I've been saying for ages that streaming media to mobile devices isn't a great solution in the medium term - early adopters get great performance and then it (presumably) takes off and bandwidth/contention issues mean that noone gets served well. Leigh Geary, who often includes a healthy dose of common sense in his musings, has been writing up the issues around streaming music here, talking about both the possible impact on your cell package data cap and contention.

From Leigh's piece:

Two years ago I plugged my phone into my car stereo and streamed music through it. The results are here and we found that a normal 128kbps stream consumed around 1MB a minute. Sounds OK doesn’t it? But if you listen to an internet radio station in the same way as an FM radio station – let’s say as background music for a whole working day, the data consumption cranks up quite significantly.

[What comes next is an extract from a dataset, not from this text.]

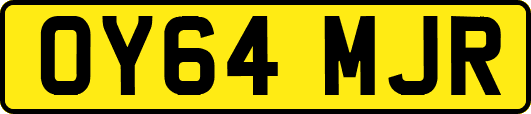 OY64MJR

This is a fairly extreme example, but let’s remember that a number of mobile networks offering “unlimited data”. Many have hit the “very small minority” of customers who use a large proportion of the bandwidth. For example, giffgaff have been known to stop people who stream data constantly, as it’s a constant “pull” on the network and the local mast. Streaming is a constant data connection which doesn’t break or stop like a standard download would, so it impacts people who are using the same mast. They’re getting less of a share of that bandwidth.

Perhaps the simplest way to explain it is to imagine a motorway. The motorway is the data pipe serving your local mast. If you request a webpage then a car goes up one side of the motorway and then comes back down the other side with your webpage. It’s quick and leaves the lanes free for others. An audio stream is slightly different. It’s like a line of trucks all sitting in lane one. They’re moving, albeit slowly, and they’re reducing capacity.

image

 

...I mentioned Spotify earlier and it’s worth a quick look at this too if you’re using it on your phone. I’ve dug out the details and the Spotify mobile “low bandwidth” option is actually 96kbps, which is 43.2MB every hour or 345.6MB if you leave it running for 8 hours a day. The Spotify mobile “High Quality” setting is actually 160kbps, so you’re looking at 72MB per hour or 576MB over 8 hours. If you switch up to the Spotify mobile “Extreme quality” setting then you’re pulling at 320kbps – that’s 144MB every hour, so you’re not even going to get 4 hours of music on a 512MB data package. Leave that running for 8 hours and it’ll consume 1.12GB.

To be honest, this situation is all a bit crap. Yes, crap. I said it.

This isn’t the way it should be. The internet now isn’t the way it should be either. This “internet” that you’re fed now is heavily controlled, monitored, filtered, managed and limited. We should be able to listen to as much of the music that we want. We should be able to watch all the streaming TV and video that we want, but the plain fact is that if we all start doing that, it’ll give the networks yet more problems, and they’ll either have to build bigger and better (as some have) or start twiddling knobs here and there to box us into the shape they want.

My emphasis, obviously. Now, long term, network capacity will improve by another order of magnitude and maybe streaming TV for all will be quite possible in 2020. But there are problems today, in 2013.

I have a friend who, partly as a test, consumed 140GB of data in a month on his 3.5G set-up on his phone. Yes, very cool from a geek point of view, and insanely good value given that he was on an all-you-can-eat plan. But if even 1% of normal users started doing that then no one would get very far, at least with current network capacity.

Online music streaming is fun and cool and, of course, trendy. But, at least in 2013, I'd advise a mixed connectity set-up, with some locally stored music (all your favourites) on mass memory or memory card, with as much online media as you can cached (where possible) and with online music download settings set to 'low' (after all, if you're mobile then you probably won't be able to hear the difference between the various encoding bitrates).

Comments? How does your own music/video consumption on your phone play out? What fraction is local and what fraction is streamed?